─── Provided material

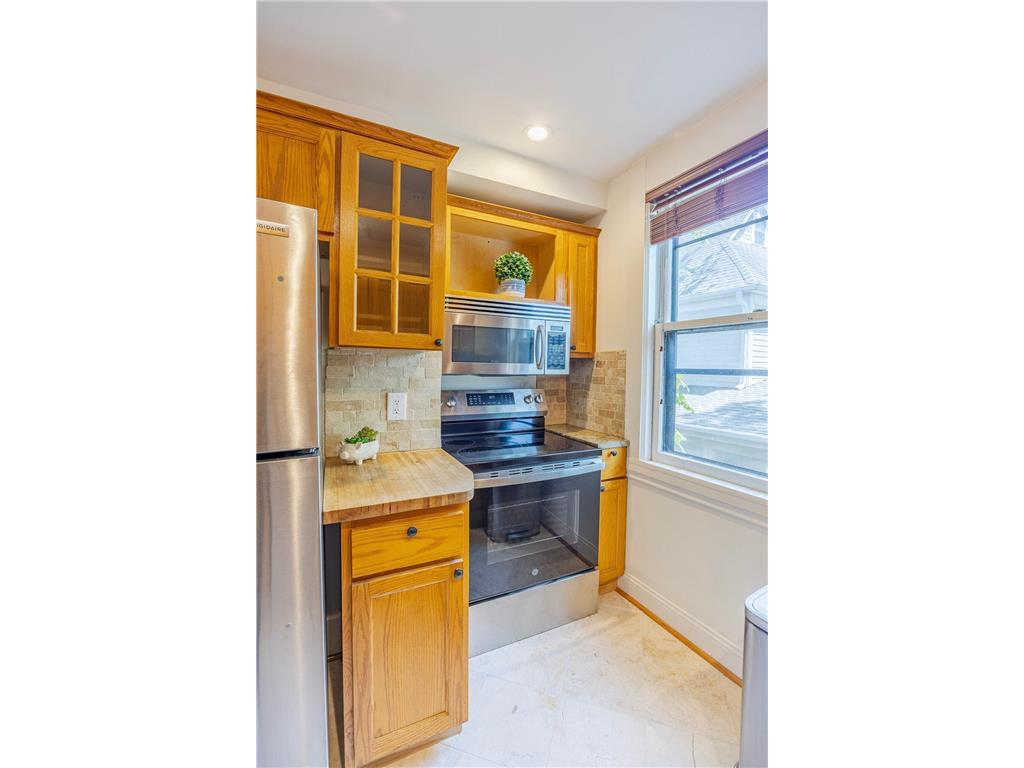 918 Goodrich Avenue #C Saint Paul MN 55105 7101726 image12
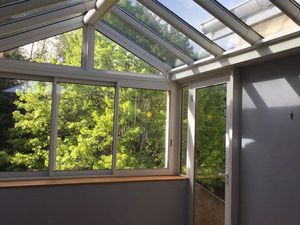 Villa + appartement T 2 avec terrain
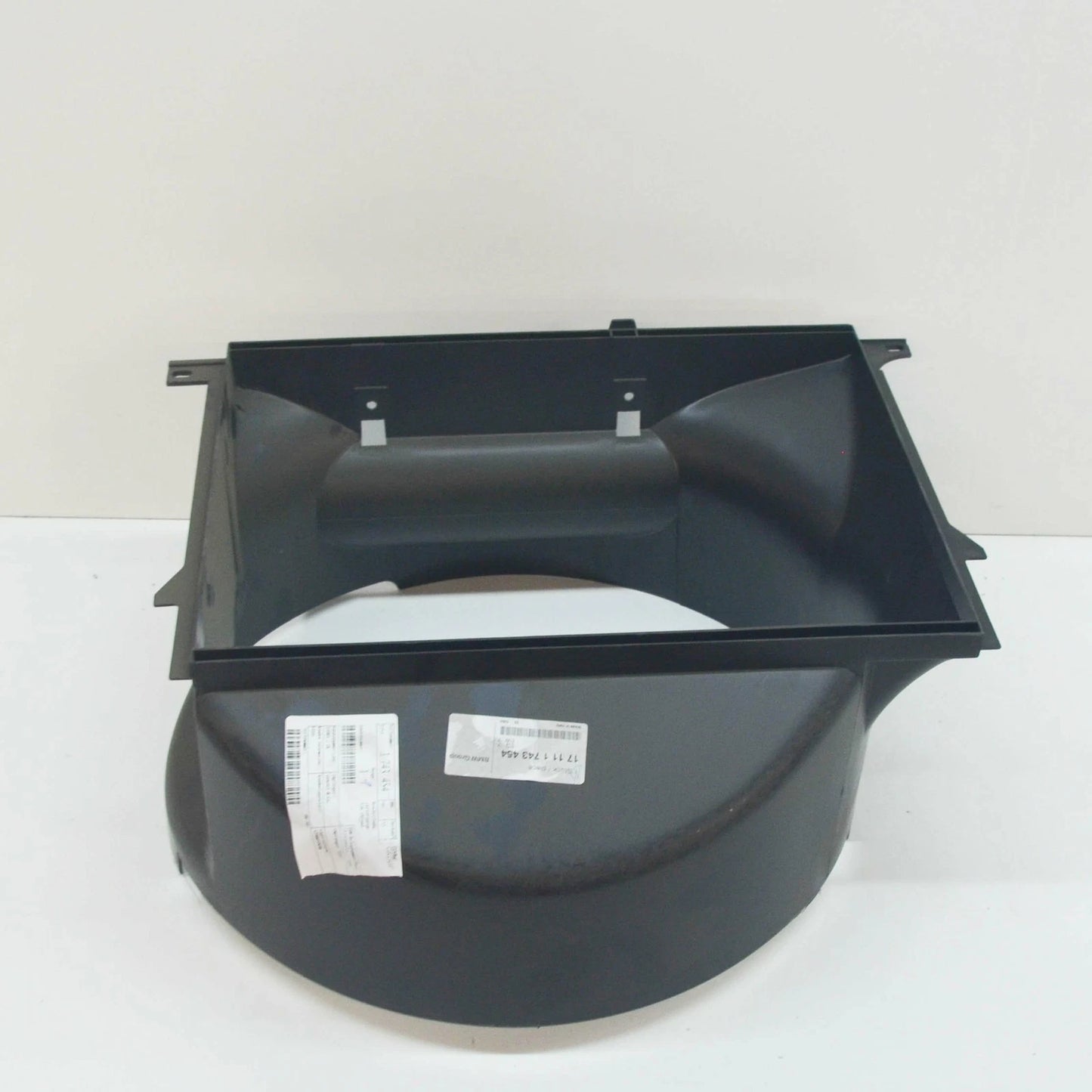 NEW BMW E36 COMPACT COUPE RADIATOR FAN SHROUD 440X328MM 1743454 17111743454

──────

• _The problem_: Give the data above again exactly. Leave the pictures out.

• _Solution to this task_:
 918 Goodrich Avenue #C Saint Paul MN 55105 7101726 image12
 Villa + appartement T 2 avec terrain
 NEW BMW E36 COMPACT COUPE RADIATOR FAN SHROUD 440X328MM 1743454 17111743454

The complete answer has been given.